Instead of wiggling a sideband pin in PCI. In PCI-X the device just does what it already knows how to do: write to memory.

1. Pre-defined Address Range

   • The system reserves a special “interrupt address range” in memory.
   • Writing to this region doesn’t store data in RAM — instead, it’s intercepted by the CPU/APIC as an interrupt message.

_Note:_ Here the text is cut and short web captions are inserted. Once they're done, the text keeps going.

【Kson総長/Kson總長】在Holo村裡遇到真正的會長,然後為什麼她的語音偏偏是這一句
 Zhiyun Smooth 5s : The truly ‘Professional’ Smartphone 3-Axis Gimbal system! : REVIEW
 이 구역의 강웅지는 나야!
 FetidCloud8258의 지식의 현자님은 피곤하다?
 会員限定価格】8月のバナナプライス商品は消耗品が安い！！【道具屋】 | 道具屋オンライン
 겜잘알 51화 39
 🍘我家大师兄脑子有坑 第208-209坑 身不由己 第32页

2. Unique Interrupt Vector

   • Along with the write, the device includes a data payload (the interrupt vector).
   • This vector is unique to that device (or even to a specific queue in the device).

3. Delivery to CPUs

   • The system maps that vector to a particular CPU (or multiple CPUs).
   • The CPU instantly knows which device/queue raised the interrupt and jumps directly to the correct interrupt service routine (ISR).

Benefits of MSI

• ✅ No shared pins → avoids interrupt conflicts.
• ✅ Lower latency → CPU doesn’t need to poll devices to find the source.
• ✅ Scalable → devices can request multiple interrupt vectors (e.g., a multi-queue NIC can assign one vector per queue).
• ✅ No extra wires → interrupts use standard memory transactions, simplifying board design.
• ✅ Better SMP support → interrupts can be delivered to specific CPUs in multi-core/multi-CPU systems.